The firm now stakes 659K ETH, gearing up for their Made in America Network launch in Q1 2026 to crank staking yields.
Ether’s rebound through $3,000 has come with an unusual backdrop: a publicly traded “ETH treasury” buyer piling in while the token is still struggling to regain key resistance.
Several reports point to BitMine Immersion — led by Fundstrat CIO Tom Lee — as the most visible bid. On-chain trackers cited by multiple outlets show BitMine adding to its Ether position in late December, including one purchase of 29,462 ETH worth about $88 million, following another buy of roughly 13,412 ETH valued around $40.6 million. One account also described a separate move to stake an additional $259 million in ETH, though specifics varied by report.
BitMine has urged shareholders to support a share proposal that would, according to coverage, help sustain its buying program. The company’s own statements cited in reporting put its Ether holdings above 4 million ETH and total crypto-plus-cash holdings at more than $13 billion, a scale that makes BitMine a market factor even if it isn’t dictating the tape day-to-day.

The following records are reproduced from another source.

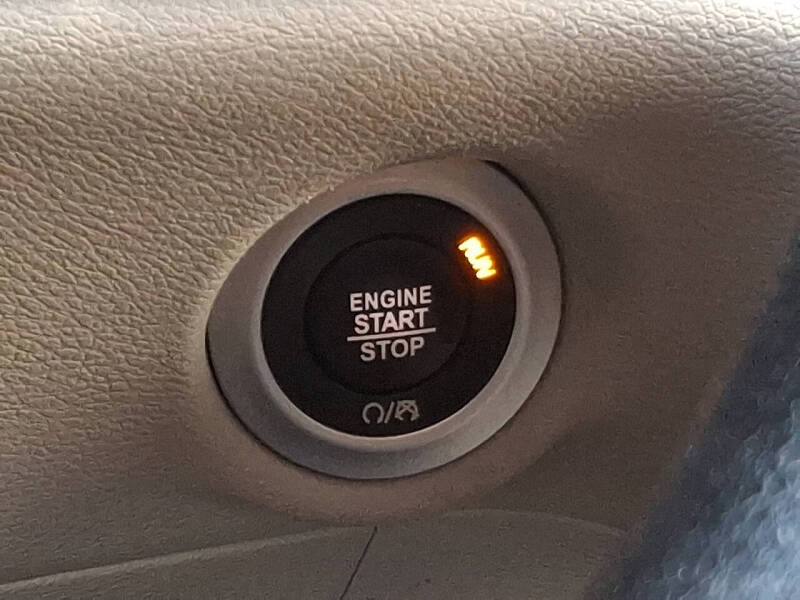 2020 Chrysler Voyager L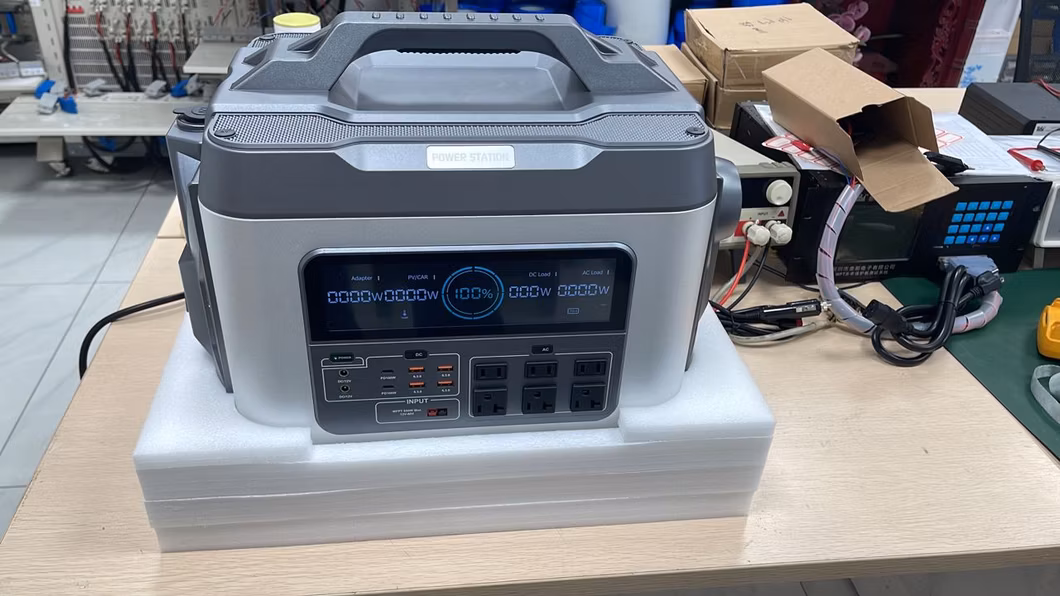 Large Capacity Portable 3000W/2200W/2000W/1500W for Outside Camping Use Power Station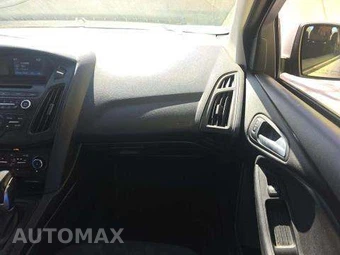 2016 Ford Focus SE Sedan – miniatura 20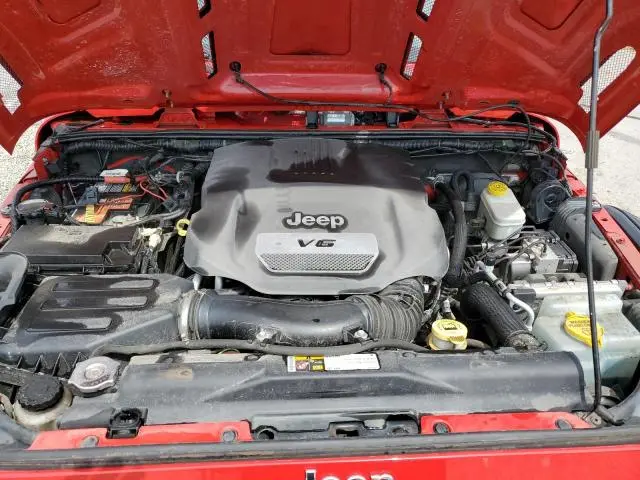 2014 JEEP WRANGLER SAHARA  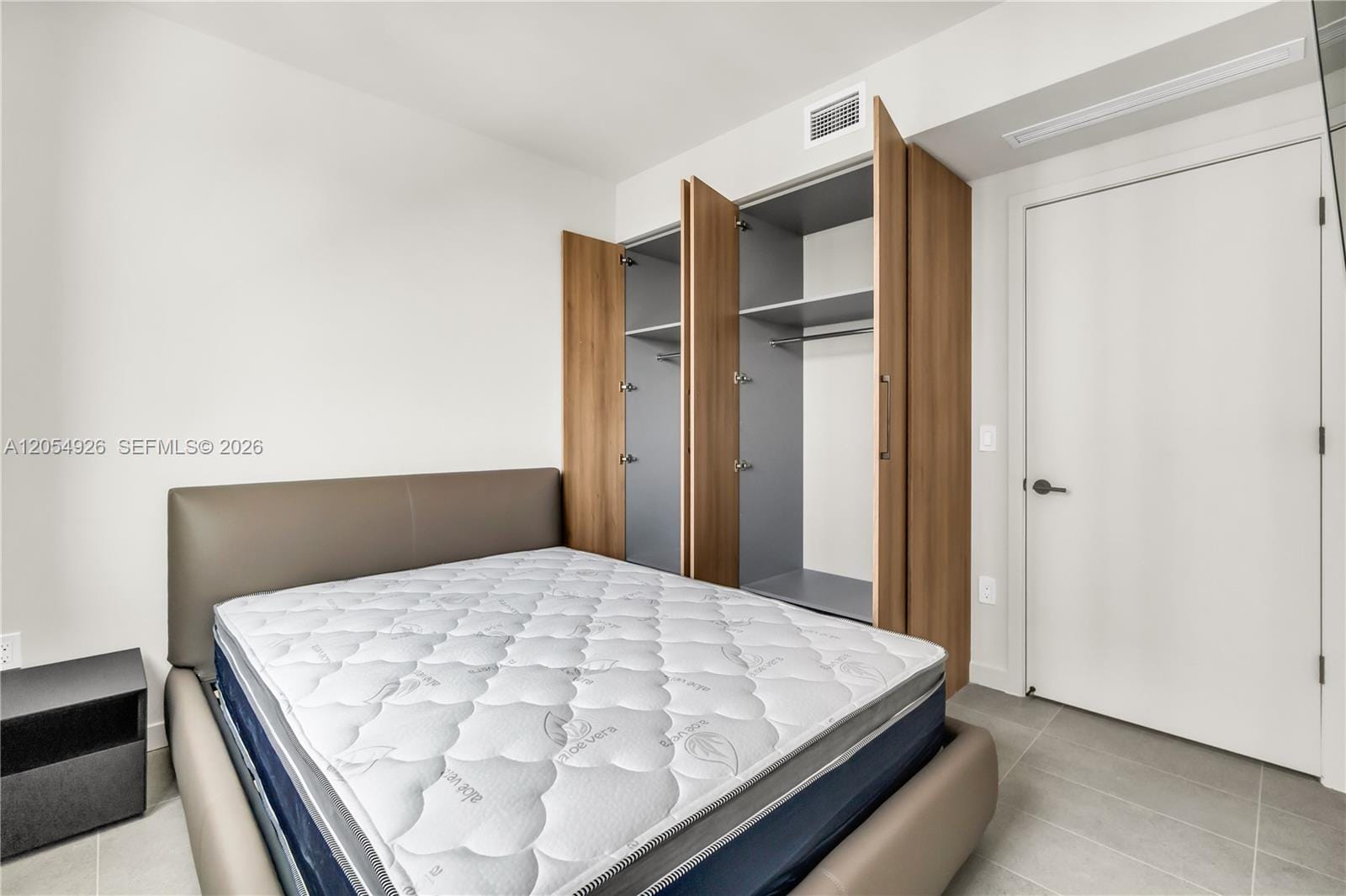 121 NE 5th Street 3405, Miami, FL 33132 photo 12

Accumulation Meets Choppy Ether Price Action
Despite the headline purchases, Ether has been trading in a narrow, contentious band. Technical coverage described ETH pinned under descending resistance in the near term, while other analysis framed the move above $3,000 as a relief rally after a slide toward the high-$2,700s earlier in the month.
Data cited from CryptoQuant suggested sell pressure has cooled: Ethereum “taker sell volume” on a 30-day average was described as at its lowest since May. Separate reporting also pointed to exchange outflows — coins leaving centralized venues — as supportive for price, even as ETH remained well below prior highs.
Ethereum’s Institutional Flows Muddy The Signal
ETF flows have been inconsistent. One report said US spot ETH ETFs snapped a streak of outflows with a single-day net inflow of about $84.6 million, while other coverage referenced heavy weekly outflows earlier in the period, underscoring how quickly institutional positioning is swinging.
For investors, the immediate question isn’t whether BitMine can keep buying — it’s whether that demand can offset the broader cycle of macro sensitivity, options-related volatility, and ETF flow whiplash. The most actionable level remains the same: ETH’s ability to hold above $3,000 and reclaim the mid-$3,200s to $3,400 zone cited by traders as the threshold for a cleaner trend.